To better evaluate the mechanism underlying the anti-cancer effect of QFGs on the CRC cell lines HCT-116 and HCT-8.

METHOD

First, we measured cell viability and cytotoxicity by performing MTT and lactate dehydrogenase (LDH) assays. We evaluated the role of QFGs in cell proliferation and apoptosis by assessing colony formation and analyzing Hoechst 33258 staining. Second, cell cycle and apoptosis rates were measured by fluorescence activated cell sorting, and the expression levels of survivin, cyclin D1, CDK4, p21, Bax, Bcl-2, Fas, FasL, and cleaved-caspase-3/-8/-9 were measured by performing western blots and caspase activity assays. Furthermore, inhibitors of caspase-3/-8/-9 were used to elucidate the specific apoptosis pathway induced by QFGs in cancer cells. Finally, activation of the PI3K/AKT and ERK signaling pathways was examined using the western blot assay to investigate the possible mechanism.

RESULTS

MTT and LDH assays revealed that after 0.5-2.0 mg/mL of QFGs treatment, cell viability was reduced by (6.90% ± 1.03%)–(59.70% ± 1.51%) (HCT-116; P < 0.05) and (5.56% ± 4.52%)–(49.44% ± 2.47%) (HCT-8; P < 0.05), and cytotoxicity was increased from 0.52 ± 0.023 to 0.77 ± 0.002 (HCT-116; P < 0.01) and from 0.56 ± 0.054 to 0.81 ± 0.044 (HCT-8; P < 0.01) compared with the non-QFGs treatment groups. Additionally, colony formation and Hoechst 33258 staining assays showed that QFGs inhibited proliferation and induced apoptosis in CRC cells. QFGs also increased the expression levels of Bax, Fas and FasL, decreased the level of Bcl-2, and stimulated the activation of caspase-3/-8/-9, which were revealed by western blot and caspase activity assays. In contrast, when adding the three caspase inhibitors, the suppression effect of QFGs on cell viability and apoptosis were markedly inhibited. Moreover, QFGs suppressed the phosphorylation levels of PI3K, AKT and ERK.

CONCLUSION

These results demonstrated that QFGs can inhibit CRC cell proliferation and induce apoptosis by suppressing the PI3K/AKT and ERK signaling pathways.
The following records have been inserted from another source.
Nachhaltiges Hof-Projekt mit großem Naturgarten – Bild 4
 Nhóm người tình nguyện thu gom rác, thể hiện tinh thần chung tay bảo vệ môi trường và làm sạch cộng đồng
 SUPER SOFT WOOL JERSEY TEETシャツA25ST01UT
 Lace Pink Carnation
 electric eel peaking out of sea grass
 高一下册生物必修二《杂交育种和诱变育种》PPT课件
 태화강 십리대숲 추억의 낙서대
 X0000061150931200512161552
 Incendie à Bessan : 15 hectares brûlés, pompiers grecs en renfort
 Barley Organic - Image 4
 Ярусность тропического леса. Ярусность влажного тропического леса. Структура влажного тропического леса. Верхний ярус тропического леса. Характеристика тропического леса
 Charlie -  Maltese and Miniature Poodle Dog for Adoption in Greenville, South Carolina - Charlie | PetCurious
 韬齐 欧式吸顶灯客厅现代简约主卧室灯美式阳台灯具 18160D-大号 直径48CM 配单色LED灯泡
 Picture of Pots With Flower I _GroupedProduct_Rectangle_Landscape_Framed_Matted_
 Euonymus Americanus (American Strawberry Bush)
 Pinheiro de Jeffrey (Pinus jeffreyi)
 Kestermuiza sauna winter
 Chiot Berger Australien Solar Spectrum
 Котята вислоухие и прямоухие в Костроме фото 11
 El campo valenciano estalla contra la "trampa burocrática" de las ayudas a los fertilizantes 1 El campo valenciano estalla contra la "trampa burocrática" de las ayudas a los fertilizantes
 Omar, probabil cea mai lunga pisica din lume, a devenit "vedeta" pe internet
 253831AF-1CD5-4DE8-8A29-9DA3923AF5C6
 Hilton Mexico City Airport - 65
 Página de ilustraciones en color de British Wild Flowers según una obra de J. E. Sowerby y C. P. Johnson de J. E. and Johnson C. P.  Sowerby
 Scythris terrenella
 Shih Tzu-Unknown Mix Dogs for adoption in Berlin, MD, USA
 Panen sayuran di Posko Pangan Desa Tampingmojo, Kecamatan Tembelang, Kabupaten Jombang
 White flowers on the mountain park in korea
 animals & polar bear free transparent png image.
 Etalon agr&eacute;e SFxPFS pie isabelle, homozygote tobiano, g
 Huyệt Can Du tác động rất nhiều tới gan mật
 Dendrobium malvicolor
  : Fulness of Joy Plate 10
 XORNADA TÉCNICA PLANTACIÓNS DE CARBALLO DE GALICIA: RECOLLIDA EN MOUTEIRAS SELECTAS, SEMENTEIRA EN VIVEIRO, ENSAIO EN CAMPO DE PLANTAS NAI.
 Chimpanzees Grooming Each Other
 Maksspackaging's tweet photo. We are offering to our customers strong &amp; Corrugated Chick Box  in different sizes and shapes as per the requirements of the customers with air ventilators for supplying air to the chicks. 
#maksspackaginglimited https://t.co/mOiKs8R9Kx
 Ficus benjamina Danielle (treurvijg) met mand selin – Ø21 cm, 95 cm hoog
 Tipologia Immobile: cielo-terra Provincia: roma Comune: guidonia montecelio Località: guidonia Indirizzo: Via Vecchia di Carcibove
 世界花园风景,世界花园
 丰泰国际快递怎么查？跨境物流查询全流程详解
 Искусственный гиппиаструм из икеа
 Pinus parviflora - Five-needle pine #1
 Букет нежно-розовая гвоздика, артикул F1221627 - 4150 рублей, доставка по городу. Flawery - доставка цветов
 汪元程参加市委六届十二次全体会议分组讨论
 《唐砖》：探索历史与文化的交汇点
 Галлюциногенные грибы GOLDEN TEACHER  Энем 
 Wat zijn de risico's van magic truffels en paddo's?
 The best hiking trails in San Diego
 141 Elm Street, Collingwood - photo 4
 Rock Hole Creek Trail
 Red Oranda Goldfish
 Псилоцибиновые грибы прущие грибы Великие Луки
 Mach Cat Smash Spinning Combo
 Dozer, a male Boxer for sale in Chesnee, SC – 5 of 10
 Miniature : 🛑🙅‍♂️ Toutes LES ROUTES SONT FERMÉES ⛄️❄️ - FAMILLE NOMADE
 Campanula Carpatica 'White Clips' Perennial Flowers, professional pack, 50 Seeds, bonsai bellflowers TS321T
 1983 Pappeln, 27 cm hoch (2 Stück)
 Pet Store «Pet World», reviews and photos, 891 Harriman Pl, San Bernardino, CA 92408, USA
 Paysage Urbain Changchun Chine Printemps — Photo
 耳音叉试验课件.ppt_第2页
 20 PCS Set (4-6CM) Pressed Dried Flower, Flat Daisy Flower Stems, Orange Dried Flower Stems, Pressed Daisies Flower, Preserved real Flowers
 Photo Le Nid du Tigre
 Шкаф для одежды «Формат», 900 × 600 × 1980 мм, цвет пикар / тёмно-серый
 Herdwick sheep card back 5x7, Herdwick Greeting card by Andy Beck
Keywords: Qingjie Fuzheng granules, Colorectal cancer, Proliferation, Apoptosis, PI3K/AKT, ERK

Core tip: To study the effect and mechanism of Qingjie Fuzheng granules (QFGs) on colorectal cancer (CRC) cells, we measured cell viability and cytotoxicity by performing MTT and LDH assays. We also evaluated the role of QFGs in cell proliferation by conducting colony formation, cell cycle and western blot assays. We evaluated the role of QFGs in cell apoptosis by assessing both Hoechst 33258 and Annexin-V/PI staining and performing western blot assays. Furthermore, the activation of PI3K/AKT and ERK signaling pathways was examined using the western blot assay to investigate the possible mechanism. All results demonstrated that QFGs inhibited CRC cell growth by suppressing the PI3K/AKT and ERK signaling pathways.